Fifty seven homes have been sampled to date, according to DEC spokeswoman Ellen Stoutenburgh. Of those, she said, 18 tested above the state’s safe drinking water standard of 10 parts per billion of MTBE.
“I was getting up in the middle of the night and drinking Maalox,” said Yates Avenue resident Jacqueline Whalen, whose home recently received a filter. “And my 10 year old was coming out in the middle of the night and saying ‘I’m sick, I’m sick.’”
Whalen said her family’s stomach problems have ceased since they stopped drinking unfiltered water.
A gasoline additive to be banned in the state in 2004, methyl tertiary butyl ether, MTBE, has been linked to gastrointestinal, liver, kidney and nervous system problems, according to the U.S. Agency for Toxic Substances and Disease Registry. The U.S. Environmental Protection Agency considers it a possible human carcinogen.
The most contaminated well tested, at a home adjacent to a service station, tested at 330 parts of MTBE per billion, Stoutenburgh said, well above the standard.
In January, three tanks at that gas station, presently a Cenco, were removed and soil contamination discovered, Stoutenburgh said.
Well sampling and filter installation done until last week were paid for by the operator of the Cenco station, Ali Lateef, according to Stoutenburgh, but the station operator has since stopped paying.
Stephan Bitterman, who has identified himself to the Poughkeepsie Journal as an attorney representing 9G Cenco, would not comment Tuesday.
Station Changed Hands
The land is owned by Thomas Bretscher and the tanks pulled in January were registered in his name, according to Stoutenburgh.
Bretscher’s attorney, David Sears, was out of town Tuesday and could not be reached. Bretscher could not be reached Tuesday afternoon. Lateef said he would have to speak with his attorney before commenting.
According to DEC records, Bretscher once operated the site as a Citgo station, and in January of 1992 or 1993 – DEC records are unclear – the DEC investigated the station, according to Stoutenburgh. She gave this account:
After a driver reported water in gasoline he purchased, the DEC investigated and found a pin hole leak in one underground gas storage tank that taking on an estimated half-inch of water a day. But there was no evidence that petroleum had leaked from the tank she said.
DEC ordered the contents of the tank be transferred to another on-site tank and that the damaged tank be repaired. As far as DEC records indicate, the tank was never repaired and wasn’t removed before this year. Stoutenburgh was not sure if the tank had been in use since then.

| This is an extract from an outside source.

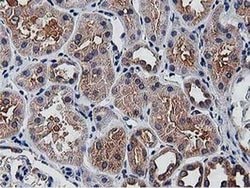 Invitrogen OGFOD1 Monoclonal Antibody (OTI1F4) 100 &mu;L; Unconjugated:Antibodies,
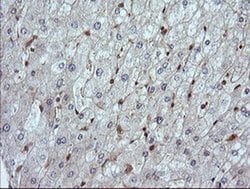 Invitrogen LZIC Monoclonal Antibody (OTI5E3) 100 &mu;L; Unconjugated:Antibodies,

Bretscher, Stoutenburgh said, is “listed as both owner and operator of the tanks… At the present time, there is no valid petroleum bulk storage registration for the tanks on site….
“It means Bretscher is out of compliance because Ali (Lateef) in a meeting with DEC’s attorneys represented himself as the operator of the tanks,” she said. But according to our registration, the last operator of record was Bretscher.”

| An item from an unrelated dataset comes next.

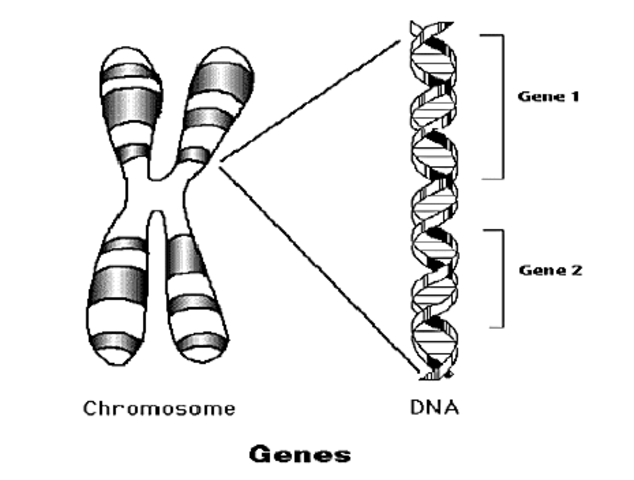 Genes are in the chromosomes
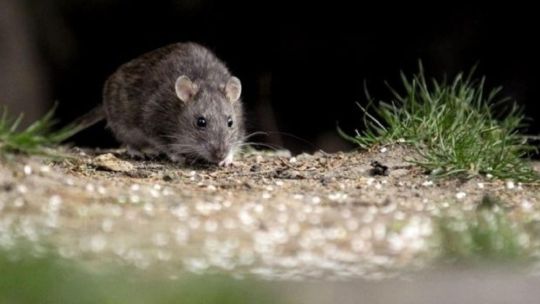 Hantavirus: spread by rodents, potentially fatal, with no specific cure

Both Bretscher and Lateef are considered potentially responsible for the contamination, according to Stoutenburgh. Other sites could also share potential responsibility, she said.
When questioned this week about an earlier Journal report regarding the source of the contamination, Stoutenburgh said, “There are other service stations within a relatively short amount of distance along Route 9G.” However, she added, “We know that the Cenco station is a potential responsible party because when the tanks were removed in January of this year, we saw gasoline underneath the tanks.”

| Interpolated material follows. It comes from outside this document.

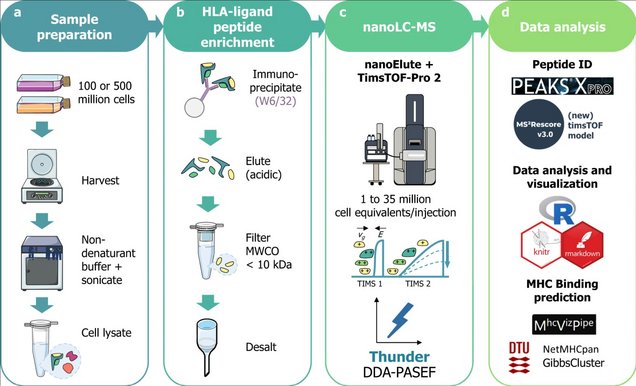 Diagram of an immunopeptidomics workflow showing sample preparation, HLA peptide enrichment, nanoLC–MS analysis using Thunder DDA-PASEF, and downstream peptide identification and MHC binding analysis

Bretscher was notified by letter about his potential responsibility in January, Stoutenburgh said. Lateef verbally agreed to pay for sampling and filter installation but has since stopped, she said. The DEC has no record of having contacted Lateef by letter until October 18, Stoutenbugh said.
All wells that test above 10 parts per billion will have water filters installed, Stoutenburgh said. A Troncillito Brothers Water Service truck is parked on the corner of Yates Avenue and Leonard Road for the use of those awaiting filters or tests, she added.
An additional 27 homes in the area tested positive for MTBE – but at levels within the safe drinking standard, Stoutenburgh said. Those wells will either be retested or outfitted with filters, she said. She said tests detected no MTBE at 12 wells.